Posted on October 31, 2013 I Written By

Anne Zieger is veteran healthcare consultant and analyst with 20 years of industry experience. Zieger formerly served as editor-in-chief of FierceHealthcare.com and her commentaries have appeared in dozens of international business publications, including Forbes, Business Week and Information Week. She has also contributed content to hundreds of healthcare and health IT organizations, including several Fortune 500 companies. Contact her at @ziegerhealth on Twitter or visit her site at Zieger Healthcare.

This week, at its annual conference, AHIMA announced that it’s launching a drive to get its members and state organizations to push use of Blue Button technology.  The idea behind the push is to improve consumer access to personal health records, according to a report in iHealthBeat.

For those who aren’t familiar with it, the Blue Button dates to 2010, when the Department of Veterans Affairs launched the tool to help veterans access and share their personal health data in a standardized manner. Consumers who click on the Blue Button get human-readable personal health data in ASCII format.

Since its inception, both private organizations and federal agencies have implemented the Blue Button. According to ONCHIT, almost 500 healthcare organizations have joined the Blue Button Pledge Program, which encourages providers to make personal health records available to individuals and caregivers. Almost 80 million Americans can now access their health information through the program.

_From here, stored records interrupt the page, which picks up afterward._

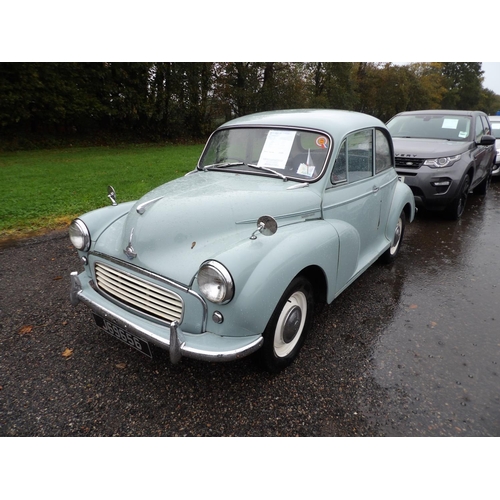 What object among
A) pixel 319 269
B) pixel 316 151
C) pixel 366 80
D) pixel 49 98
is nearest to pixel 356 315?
pixel 319 269

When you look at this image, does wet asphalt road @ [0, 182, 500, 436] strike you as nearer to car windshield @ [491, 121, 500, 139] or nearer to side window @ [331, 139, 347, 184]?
side window @ [331, 139, 347, 184]

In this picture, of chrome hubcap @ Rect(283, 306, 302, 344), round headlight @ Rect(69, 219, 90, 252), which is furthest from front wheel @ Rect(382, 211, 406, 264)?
round headlight @ Rect(69, 219, 90, 252)

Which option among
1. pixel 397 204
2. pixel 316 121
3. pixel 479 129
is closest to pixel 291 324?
pixel 316 121

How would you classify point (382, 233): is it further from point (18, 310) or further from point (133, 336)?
point (18, 310)

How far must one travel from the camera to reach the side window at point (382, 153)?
404 cm

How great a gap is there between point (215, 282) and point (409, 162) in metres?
5.36

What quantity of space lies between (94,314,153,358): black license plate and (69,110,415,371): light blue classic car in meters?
0.01

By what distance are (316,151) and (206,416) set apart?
7.61ft

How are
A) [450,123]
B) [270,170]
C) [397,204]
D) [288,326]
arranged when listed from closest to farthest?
[288,326] < [270,170] < [397,204] < [450,123]

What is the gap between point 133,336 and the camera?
2506mm

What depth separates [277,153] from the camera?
10.8ft

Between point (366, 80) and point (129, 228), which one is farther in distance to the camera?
point (366, 80)

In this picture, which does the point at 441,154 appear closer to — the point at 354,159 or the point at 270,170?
the point at 354,159

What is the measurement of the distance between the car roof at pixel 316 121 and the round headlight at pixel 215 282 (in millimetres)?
1826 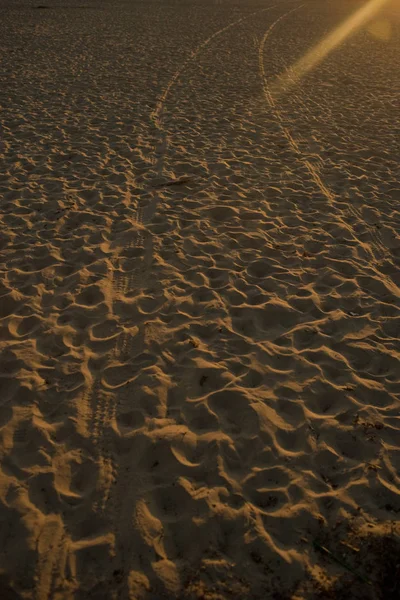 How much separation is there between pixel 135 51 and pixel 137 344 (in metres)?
16.0

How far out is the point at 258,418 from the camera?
381 centimetres

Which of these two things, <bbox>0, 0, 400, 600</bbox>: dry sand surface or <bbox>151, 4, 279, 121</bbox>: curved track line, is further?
<bbox>151, 4, 279, 121</bbox>: curved track line

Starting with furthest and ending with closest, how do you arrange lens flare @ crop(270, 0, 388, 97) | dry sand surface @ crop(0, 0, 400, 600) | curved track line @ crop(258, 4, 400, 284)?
1. lens flare @ crop(270, 0, 388, 97)
2. curved track line @ crop(258, 4, 400, 284)
3. dry sand surface @ crop(0, 0, 400, 600)

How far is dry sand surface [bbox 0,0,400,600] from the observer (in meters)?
2.96

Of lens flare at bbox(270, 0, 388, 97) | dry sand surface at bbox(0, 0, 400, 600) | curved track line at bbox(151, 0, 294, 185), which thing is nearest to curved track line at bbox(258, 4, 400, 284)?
dry sand surface at bbox(0, 0, 400, 600)

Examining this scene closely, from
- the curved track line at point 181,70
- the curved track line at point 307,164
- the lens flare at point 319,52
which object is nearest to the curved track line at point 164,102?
the curved track line at point 181,70

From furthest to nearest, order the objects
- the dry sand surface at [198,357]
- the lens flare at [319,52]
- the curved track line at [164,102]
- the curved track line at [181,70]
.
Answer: the lens flare at [319,52], the curved track line at [181,70], the curved track line at [164,102], the dry sand surface at [198,357]

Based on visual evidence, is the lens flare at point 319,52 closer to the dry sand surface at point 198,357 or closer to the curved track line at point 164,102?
the curved track line at point 164,102

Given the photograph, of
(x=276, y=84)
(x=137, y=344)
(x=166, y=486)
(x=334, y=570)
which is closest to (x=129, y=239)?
(x=137, y=344)

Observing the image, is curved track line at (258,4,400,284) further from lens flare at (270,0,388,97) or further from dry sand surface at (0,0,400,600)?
lens flare at (270,0,388,97)

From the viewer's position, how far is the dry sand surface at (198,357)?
9.70ft

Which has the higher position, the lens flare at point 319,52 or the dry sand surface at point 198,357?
the lens flare at point 319,52

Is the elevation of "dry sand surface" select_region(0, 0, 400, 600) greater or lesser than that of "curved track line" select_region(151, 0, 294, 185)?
lesser

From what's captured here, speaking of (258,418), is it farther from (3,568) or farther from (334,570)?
(3,568)
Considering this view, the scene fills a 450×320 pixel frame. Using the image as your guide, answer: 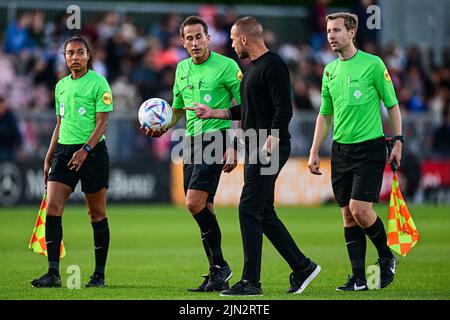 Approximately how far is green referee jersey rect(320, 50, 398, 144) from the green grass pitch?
65.3 inches

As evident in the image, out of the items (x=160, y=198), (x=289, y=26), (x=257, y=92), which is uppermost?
(x=289, y=26)

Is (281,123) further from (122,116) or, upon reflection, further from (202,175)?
(122,116)

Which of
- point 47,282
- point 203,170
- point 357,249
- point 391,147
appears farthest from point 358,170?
point 47,282

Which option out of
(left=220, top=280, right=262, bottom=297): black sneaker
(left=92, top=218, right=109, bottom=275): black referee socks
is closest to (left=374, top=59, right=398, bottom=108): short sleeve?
(left=220, top=280, right=262, bottom=297): black sneaker

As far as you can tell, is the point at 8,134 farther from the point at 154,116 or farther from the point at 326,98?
the point at 326,98

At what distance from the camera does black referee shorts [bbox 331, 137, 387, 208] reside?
421 inches

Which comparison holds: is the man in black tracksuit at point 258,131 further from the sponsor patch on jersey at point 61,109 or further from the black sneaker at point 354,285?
the sponsor patch on jersey at point 61,109

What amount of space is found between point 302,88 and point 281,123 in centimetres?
1832

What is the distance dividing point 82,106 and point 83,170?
2.26 ft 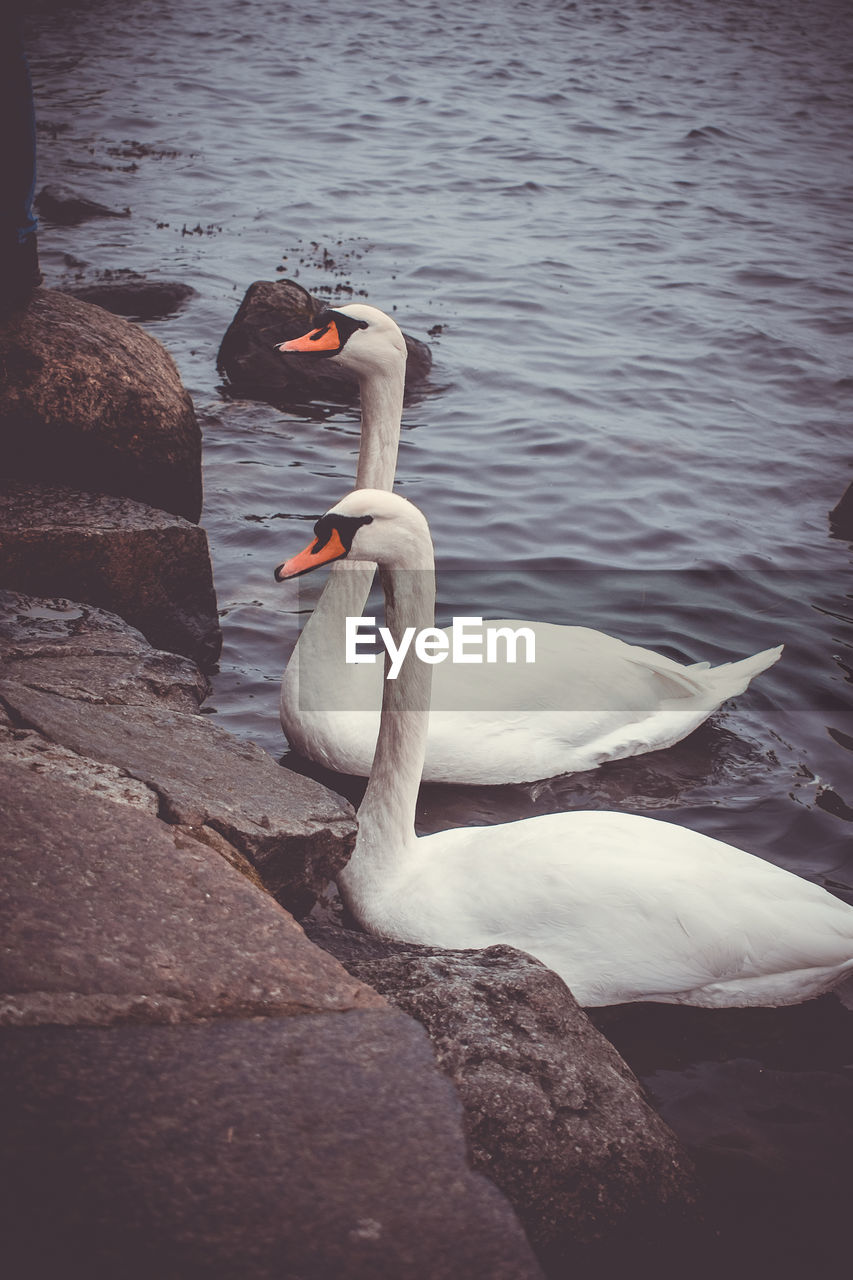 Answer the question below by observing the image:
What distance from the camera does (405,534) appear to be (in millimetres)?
3887

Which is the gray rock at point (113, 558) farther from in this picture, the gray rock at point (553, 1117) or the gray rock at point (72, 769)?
the gray rock at point (553, 1117)

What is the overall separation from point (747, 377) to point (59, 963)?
9.83 m

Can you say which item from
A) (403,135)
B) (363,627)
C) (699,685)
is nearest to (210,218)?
(403,135)

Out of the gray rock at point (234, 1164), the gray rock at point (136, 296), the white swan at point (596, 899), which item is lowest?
the white swan at point (596, 899)

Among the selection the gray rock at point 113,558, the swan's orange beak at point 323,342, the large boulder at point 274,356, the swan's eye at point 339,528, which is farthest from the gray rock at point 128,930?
the large boulder at point 274,356

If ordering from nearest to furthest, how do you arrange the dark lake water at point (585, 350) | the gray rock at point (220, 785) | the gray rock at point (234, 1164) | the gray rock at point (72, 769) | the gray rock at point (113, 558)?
the gray rock at point (234, 1164) → the gray rock at point (72, 769) → the gray rock at point (220, 785) → the gray rock at point (113, 558) → the dark lake water at point (585, 350)

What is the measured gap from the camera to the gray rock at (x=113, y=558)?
4867mm

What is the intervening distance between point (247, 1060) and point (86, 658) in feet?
8.20

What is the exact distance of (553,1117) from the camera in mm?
2611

Now, AHIMA is encouraging wider expansion of Blue Button use. The association is urging members and state AHIMA chapters to inform employers, families, healthcare providers and other health professionals of the benefits of the Blue Button format, according to iHealthBeat.

This effort should be enhanced as providers move toward Blue Button+, the next generation of Blue Button efforts, which meets and builds on view, download and transmit requirements in Meaningful Use Stage 2.

Neither Blue Button nor Blue Button+ programs magically transform patient data into something everyone can see and use, but they’re steps in the right direction.

So, what’s the next step when Blue Button functionality becomes common?  Will it help patients manage their data, or is it unrealistic to expect them to download and transfer information? I think the jury’s still out on this one.

If nothing else, though, we can look too the Automated Blue Button Initiative, which will probably evolve away from ASCII into more universal standards like XML. I’m keeping my eye on #ABBI to see where that goes, for sure.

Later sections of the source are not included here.